Self-portrait in the Other Space is a photographic series inspired by the heterotopias of Michel Foucault: “other spaces,” real yet separated from everyday experience, operating according to their own rules. For Foucault, the ship represents the heterotopia par excellence—a closed and isolated place, yet constantly in motion, separated from the rest of the world in space and time.
The series was developed between 2013 and 2021 inside different cruise ships. Despite formal variations, the photographed environments share recurring elements: artificial lighting, saturated colors, theatrical decoration, and muted atmospheres. These spaces form a self-contained system, where daily life is shaped by repetition and by the suspension of external references. Within this context, time appears uniform and cyclical. The cruise is not experienced as a journey, but as a state of permanence within a separated space, where days tend to resemble one another regardless of the changing port.

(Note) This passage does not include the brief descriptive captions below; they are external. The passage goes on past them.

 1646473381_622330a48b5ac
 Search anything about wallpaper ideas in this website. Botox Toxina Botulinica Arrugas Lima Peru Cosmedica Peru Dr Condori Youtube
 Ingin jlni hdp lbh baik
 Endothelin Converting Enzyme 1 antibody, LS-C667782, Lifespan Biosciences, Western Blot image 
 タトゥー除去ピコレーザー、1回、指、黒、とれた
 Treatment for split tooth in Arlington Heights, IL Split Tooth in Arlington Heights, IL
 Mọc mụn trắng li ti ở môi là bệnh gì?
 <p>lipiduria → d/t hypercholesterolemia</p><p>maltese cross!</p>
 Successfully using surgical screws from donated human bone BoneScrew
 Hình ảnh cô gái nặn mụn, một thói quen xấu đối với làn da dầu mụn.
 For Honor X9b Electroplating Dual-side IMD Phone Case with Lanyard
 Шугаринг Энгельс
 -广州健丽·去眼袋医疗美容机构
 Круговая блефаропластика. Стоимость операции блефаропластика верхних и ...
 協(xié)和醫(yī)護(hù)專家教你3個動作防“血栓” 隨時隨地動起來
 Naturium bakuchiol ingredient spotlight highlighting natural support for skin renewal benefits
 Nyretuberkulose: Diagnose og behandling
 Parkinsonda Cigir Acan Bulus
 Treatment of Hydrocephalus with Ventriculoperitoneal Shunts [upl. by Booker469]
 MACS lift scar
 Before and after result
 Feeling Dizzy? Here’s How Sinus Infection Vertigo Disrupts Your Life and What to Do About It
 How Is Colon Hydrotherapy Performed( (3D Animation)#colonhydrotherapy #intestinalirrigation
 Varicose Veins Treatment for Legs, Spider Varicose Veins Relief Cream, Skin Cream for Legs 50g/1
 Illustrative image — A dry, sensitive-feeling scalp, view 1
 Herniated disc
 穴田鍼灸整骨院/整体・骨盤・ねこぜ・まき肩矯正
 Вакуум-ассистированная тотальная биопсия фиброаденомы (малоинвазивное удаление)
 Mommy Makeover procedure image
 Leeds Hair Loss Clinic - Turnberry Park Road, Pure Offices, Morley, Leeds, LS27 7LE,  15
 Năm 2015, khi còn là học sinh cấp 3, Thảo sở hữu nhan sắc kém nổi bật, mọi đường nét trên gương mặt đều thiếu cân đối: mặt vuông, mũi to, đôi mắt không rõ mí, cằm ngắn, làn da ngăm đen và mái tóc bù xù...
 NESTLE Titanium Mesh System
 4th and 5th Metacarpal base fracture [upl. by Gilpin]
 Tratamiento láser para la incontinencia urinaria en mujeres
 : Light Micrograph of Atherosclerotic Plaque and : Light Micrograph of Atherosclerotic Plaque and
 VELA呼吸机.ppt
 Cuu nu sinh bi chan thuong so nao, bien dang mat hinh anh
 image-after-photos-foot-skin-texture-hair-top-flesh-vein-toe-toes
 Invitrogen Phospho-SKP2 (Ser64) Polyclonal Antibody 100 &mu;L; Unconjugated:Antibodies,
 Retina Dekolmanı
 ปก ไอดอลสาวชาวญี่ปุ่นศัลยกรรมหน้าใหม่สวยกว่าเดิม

The work takes the form of a self-portrait, without narrative or autobiographical intent. A human presence appears within the spaces, often marginal or decentered, without acting or performing. The body introduces a scale of comparison with architecture, making visible the distance between the individual and the environment. The self-portrait is used as a tool for observation and relation rather than as an affirmation of identity.
Each photograph records a perceptual experience lived within a space that exists outside the ordinary, in another time. Self-portrait in the Other Space presents the image of an artificial, floating reality, suspended between reality and fiction, where space is not merely a container but a mental and emotional condition of existence.